- THE PROBLEM
The answer must consist solely of the lines from the one containing "Fig. 01 - Memory" through the last line of the records below, repeated exactly, with all pictures omitted.

START EXCERPTED DATA

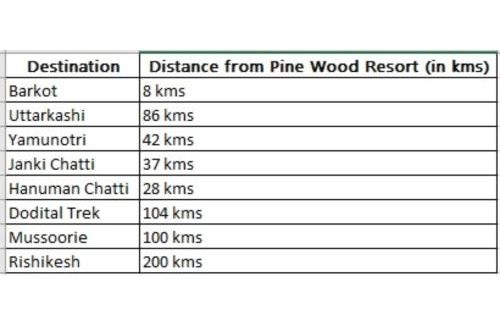 Rajgarhi House | Discover Pine Wood Resort, Barkot: Guest Rated 9.7/10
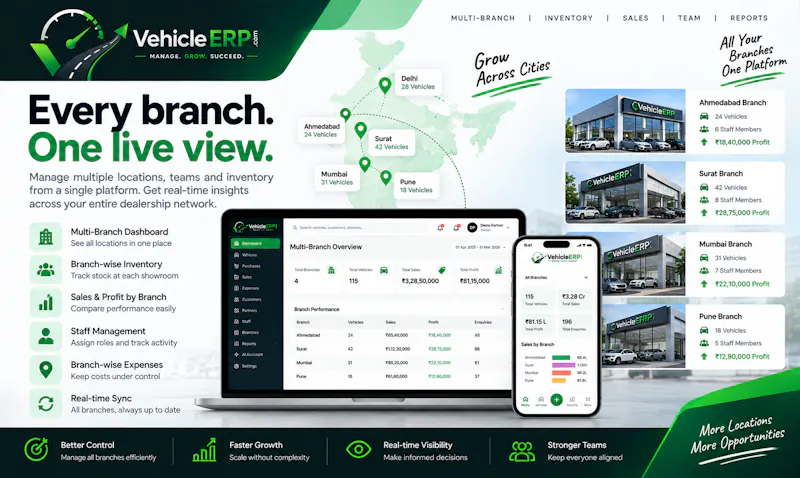 VehicleERP screenshot 6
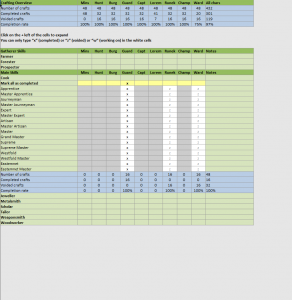 Crafting Overview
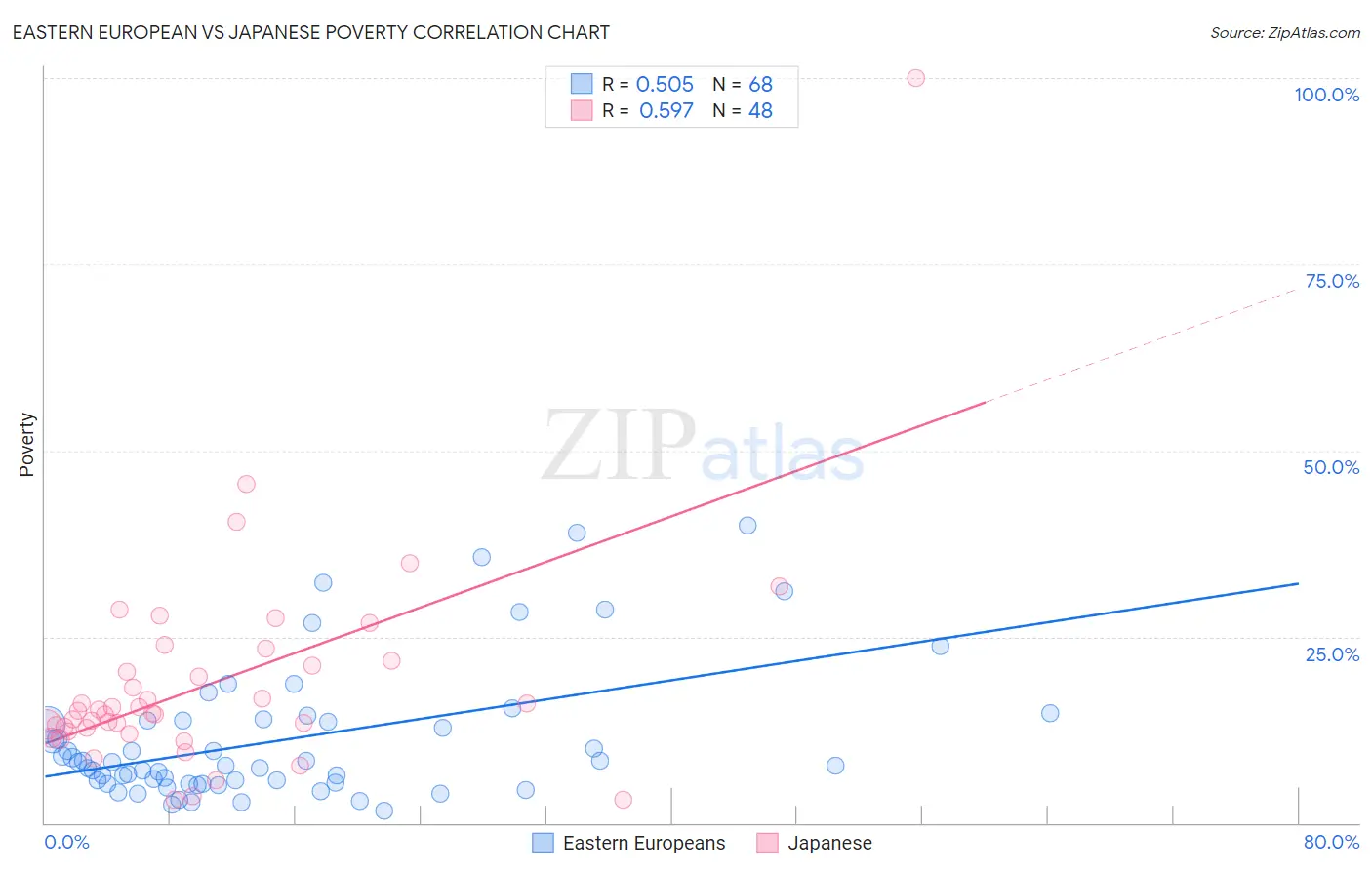 Eastern European vs Japanese Poverty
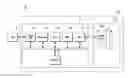 Fig. 01 - Memory system and operating method for re-building map data according to operation logs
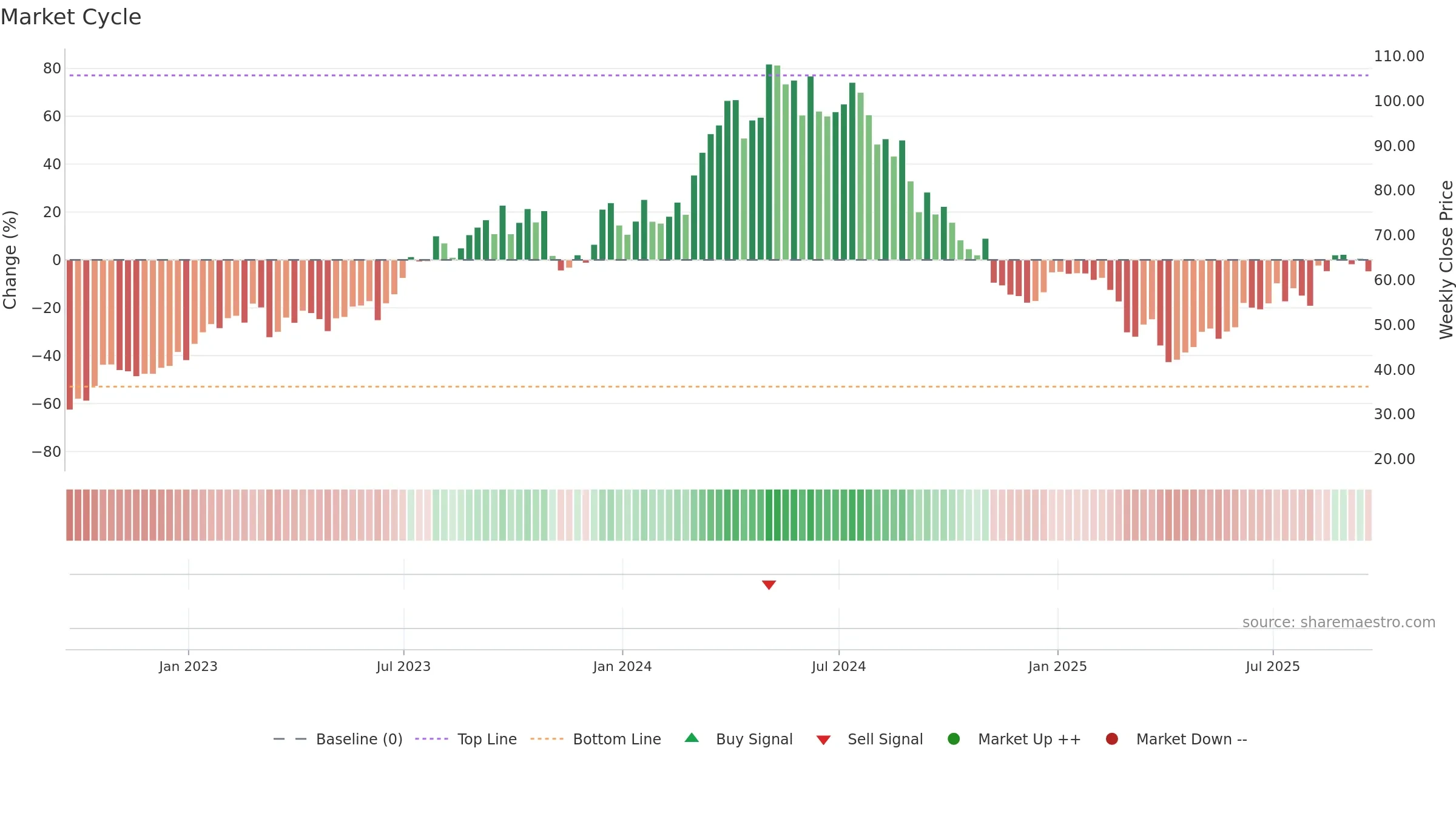 TDW weekly Market Cycle chart, closing 2025-09-19.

END EXCERPTED DATA

- ANSWER TO THE EXERCISE
 Fig. 01 - Memory system and operating method for re-building map data according to operation logs
 TDW weekly Market Cycle chart, closing 2025-09-19.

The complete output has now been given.